En raison du retentissement médiatique et de sa portée dans de hautes sphères, l'enthousiasme pour les BRICS nr se dément pas, mais il ne résiste que si les réalités dans lesquelles évoluent les parties prenantes sont occultées. Et, il ne serait pas déraisonnable de parler de lubie passagère pour qualifier le phénomène actuel. Car, tous ces pays devant symboliser le nouvel idéal mondial, manquent totalement de crédibilité, sur des domaines pourtant essentiels. En prétendant apporter des solutions aux problèmes du monde, ils ne parlent pas de leurs échecs à les enrayer dans leur propre pays confrontés à la pauvreté, l'illettrisme, la violence, les conflits, la corruption, et la xénophobie. Par ailleurs, ils adorent pointer les pays occidentaux en jurant de faire autrement, alors que certains parmi eux sont aussi coupables au-delà de leurs frontières, de faits tels que, la "colonisation", les pillages de richesse, la déstabilisation des Etats étrangers, les ingérences et trafics en tout genre. 

En outre, leur désir de puissance ne dépasse toujours pas le défi que posent aux pays du nord, avec les migrations qui continuent d'affluer dans un sens, ni celui de la gestion mondiale des crises encore toutes fraîches: la lutte contre le Covid fut une gestion occidentale réussie entre la production de vaccins et la solidarité nationale comme internationale.
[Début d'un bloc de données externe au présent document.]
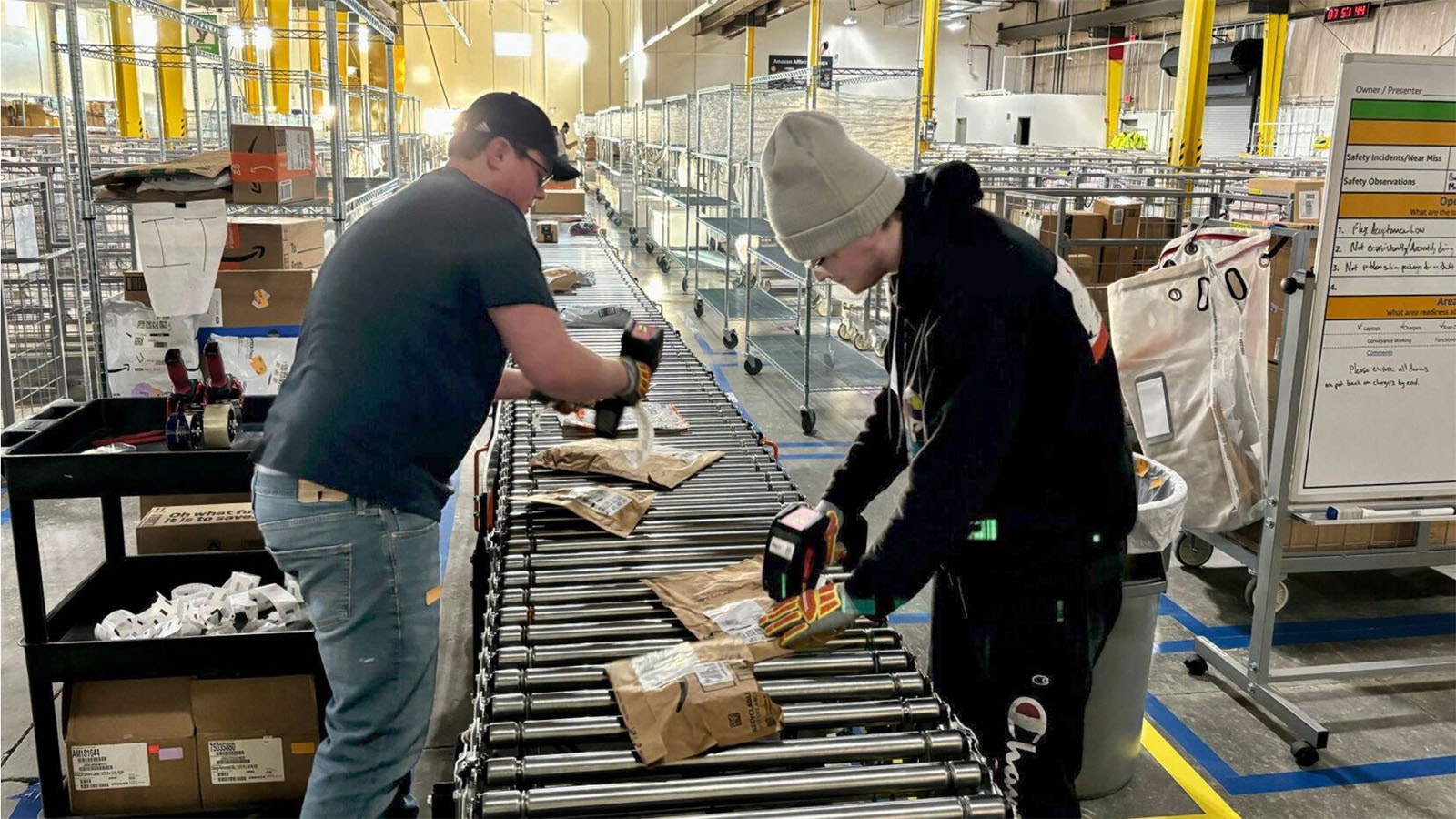 Workers at the Casper Amazon Flex location sort packages for delivery.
Et, dans les pays pauvres, les ravages sur l'économie ont été plus ou moins limités par des actions coordonnées impliquant les grandes institutions. Quand il fallait apporter des financements d'urgence et instaurer une pause sur les remboursements de prêts, 17 cela se négociait surtout en Europe et aux Etats-Unis. 
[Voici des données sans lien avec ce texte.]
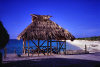 Providenciales - Turks and Caicos: beach hut and blue sea - photo by L.Bo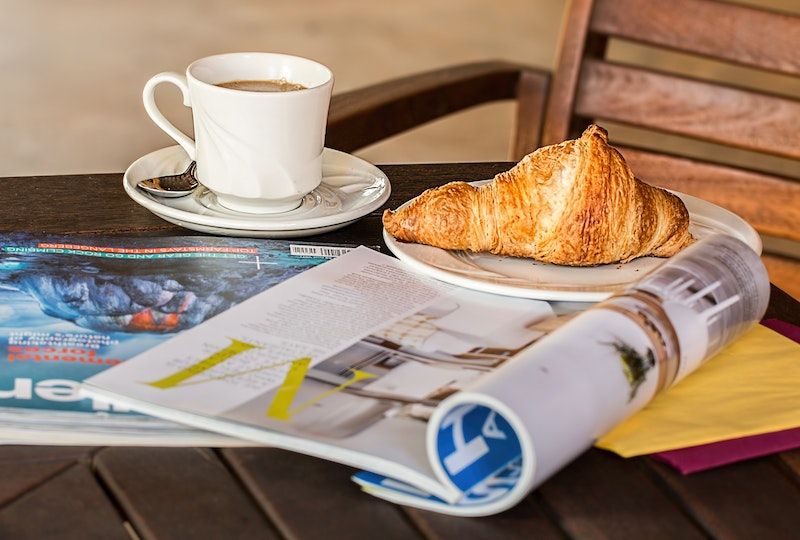 Magazine lying open on a table with a coffee and a croissant next to it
A part le rapprochement entre l'Iran et l'Arabie Saoudite où la Chine s'est engagée dans la médiation, 18 tout ce qu'on peut retenir des BRICS se résume par de grandes annonces au milieu de quelques anecdotes. Plusieurs événements mondiaux avaient valeur de test, et par un sort différent, auraient pu valider de nombreuses assertions sur la montée en puissance des BRICS. Le premier constat à l'appui des faits, ne confirme aucunement l'existence d'une menace crédible pour le leadership occidental. Et c'est dommage car, il y a grandement besoin d'un contrepoids sur les dossiers internationaux et d'une impulsion nouvelle afin de délivrer les pays pauvres d'un cycle interminable de performances médiocres. Avec en arrière plan, toutes ces catastrophes humaines provoquées par les guerres injustifiées et la pauvreté, on peut regretter qu'une idée comme celle des BRICS n'ait non seulement pas émergée plus tôt, mais qu'en plus au moment où elle se dessine, apparaisse déjà aux premières lueurs comme "mort-née".